- Tulabi
- Coordinates: 33°36′13″N 47°54′30″E﻿ / ﻿33.60361°N 47.90833°E
- Country: Iran
- Province: Lorestan
- County: Chegeni
- District: Central
- Rural District: Teshkan

Population (2016)
- • Total: 285
- Time zone: UTC+3:30 (IRST)

= Tulabi, Lorestan =

Village in Lorestan province, Iran

Tulabi (طولابي) (Note: Also romanized as Tūlābī; formerly known as Tulabi Baraftab (طولابي برآفتاب), also romanized as Tūlābī Barāftāb; also known as Dom Dūsh-e Barāftāb and Dūsh-e Barāftāb (دوش برآفتاب)) is a village in Teshkan Rural District of the Central District (Note: Formerly Chegeni District) in Chegeni County, (Note: Formerly Dowreh County) Lorestan province, Iran.

==Demographics==
===Population===
At the time of the 2006 National Census, the village's population, as Tulabi Baraftab, was 338 in 64 households, when it was in the former Dowreh-ye Chegeni District of Khorramabad County.
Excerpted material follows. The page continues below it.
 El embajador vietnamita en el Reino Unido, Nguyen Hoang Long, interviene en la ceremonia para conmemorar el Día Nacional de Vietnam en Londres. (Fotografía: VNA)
The following census in 2011 counted 283 people in 72 households, by which time the district had been separated from the county in the establishment of Dowreh County. (Note: Renamed Chegeni County) The rural district was transferred to the new Chegeni District, (Note: Renamed the Central District) and the village was listed as Tulabi. The 2016 census measured the population of the village as 285 people in 77 households.